Most film buffs are familiar with John Huston's 1961 production "Freud," starring Montgomery Clift. What most of us did not know was that the original screenplay was penned by that once ardent anti-Freudian, Jean-Paul Sartre.
In 1958, Sartre began a monumental effort to depict Freud as a passionate sojourner, searching for the truth in his relationship to his father and father-figures, forever striving to understand the bewildering patterns of human emotions so that he might better understand himself. Sartre writes in the initial treatment: "The subject of the scenario is really: a man sets about knowing others because he sees this as the only way of getting to know himself; he realizes he must carry out his research upon others and upon himself simultaneously."
Over Page Limit
Huston was delighted with this depiction of Freud, and Sartre was instructed to proceed with the screenplay. Unfortunately, Sartre's enthusiasm carried him over the page limit for a feature film (to 383 pages!). When Huston responded with the requisite cuts, Sartre balked, rewriting an even longer script. At his point Hollywood exited, leaving Sartre's treatment and both versions of his screenplay to languish amid his papers for 25 years until their recent rediscovery.
Compiled into one volume, edited by J.-B. Pontalis and translated elegantly by Quintin Hoare, the book is a marvel, at once revealing insight into Freud the man, Sartre's relationship to Freudian psychoanalysis, and the modifications and transformations inherent in the screenwriting process. Freud becomes a character whose verisimilitude is based on the reader's previous acquaintance with literal biographical material and with the personal traces Freud himself left behind in his work. Like many of Sartre's literary characters, Freud is a man attached to and repelled by his father. Psychoanalysis, it seems, is almost a byproduct of Freud's quest to dispel his own disquieting filial stance.
Sartre's Freud is also, however, humorous, gentle and wise; the self-effacing Freud so readily discernible in the footnotes of "The Interpretation of Dreams" lives explicitly in Sartre's engaging screenplay.
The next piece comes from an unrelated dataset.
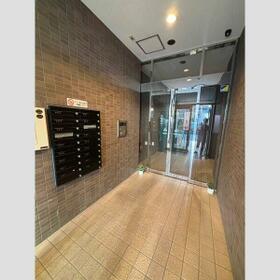 15/16 エントランス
For the uninitiated, the screenplays themselves are terrific pieces of historical fiction. For those more familiar with Sartre's existential philosophy, the work is a scholarly necessity in the light it sheds on Sartre's supposedly unbroken animosity toward Freudian analysis. It is from his stance that the editor's preface becomes the most important though, unfortunately, the most disappointing segment of the book.
Pontalis is a French Freudian, and the co-author of a most respected psychoanalytic dictionary, "The Language of Psychoanalysis." He is eminently qualified to present and analyze Sartre's treatment of Sigmund Freud. Pontalis falls short, however, in a preface of a mere 10 pages in contextualizing the importance of Sartre's sympathetic view of Freudian psychoanalysis. By relying too heavily on the reader's prior knowledge of Sartre's theories, Pontalis robs his inherently convincing arguments regarding Sartre's change of heart of their potency. The questions raised and answered by the editor need fleshing out via footnotes or more extended definitions, so that those less familiar with Sartre's existentialism can grasp the screenplay's intellectual significance.
Finally, the volume is an excellent treatise on the transformation of a screenplay. By including the treatment, all of the first version, extracts from the second version, and a terrifically illuminating table tracking the differences among these texts, the editor provides the reader with an opportunity to follow the multifarious revisions of a typical screenplay.
In the light of Huston's film, the inclusions and exclusions of Sartre's work become even more intriguing and worthy of anaylsis, for the film is replete with scenes, images and characters originated by Sartre (who declined any screen credit), while at the same time it neglects some of the Sartrian script's most humorous moments.